No matter how I phrased the prayer, the response was the same. Silence.
If you’re annoyed with me typing ‘silence,’ then you’re probably getting a taste of how I felt sitting in it.
I prayed these types of prayers for months, to the point where I was getting frustrated and angry at the lack of response.
I was waiting on a specific answer. I wanted God to tell me what project was most important, tell me to focus on Instagram, give me the name of an agent to submit to. I wanted tangible, step-by-step directions, and instead I was getting nothing.
But one thing was evident as I prayed these prayers. He was there. I could feel His presence with me. Not ignoring me, not absent. I wasn’t wondering whether He was listening, I was just waiting for a word.

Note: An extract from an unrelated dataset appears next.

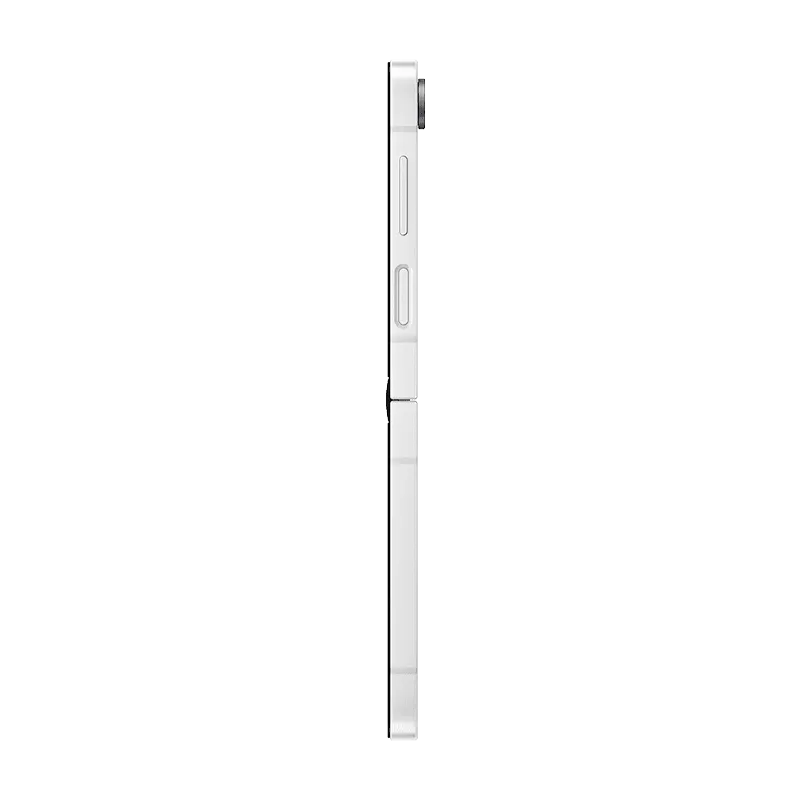 Side shot of white Samsung Galaxy Z Flip7 FE folding smartphone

He was choosing to be silent.
And then the verse 1 Thessalonians 5:16-18 kept showing up in different ways. It reads:
“Rejoice always, pray continually, give thanks in all circumstances; for this is God’s will for you in Christ Jesus.”
What if I was asking God the wrong questions? Or what if the answers didn’t matter like I thought they did?
In his book, God’s Life for My Will, Mike Donehey talks about this verse, and how God’s will for our lives is a way of living. Not a checklist of things to accomplish.
My focus had shifted so heavily to ‘what’ I was producing and doing, but He wanted to tell me ‘how’ to do it. Joyfully. Prayerfully. Thankfully. With Him, not just for Him.
How are you moving through your day-to-day rhythms? Is it as 1 Thessalonians describes? I certainly wasn’t. I was grinding away, trying to do everything at once, thinking that running faster and harder would get me to where I wanted to be quicker. But I felt like I was on a treadmill, doing the absolute most but staying in the exact same place.
God’s redirection from the ‘what’ to the ‘how’ allowed me to slow down. It made me recenter. I wanted to steamroll ahead, but what I needed was to pump the breaks and be intentional with what I already had before me.
Remember, God’s silence is not His absence. He doesn’t leave you, He doesn’t take breaks away or put you on mute. And yet He doesn’t always answer our questions in the way we expect Him to. Actually, I’d say He rarely answers our questions as we expect, but always in the way we need.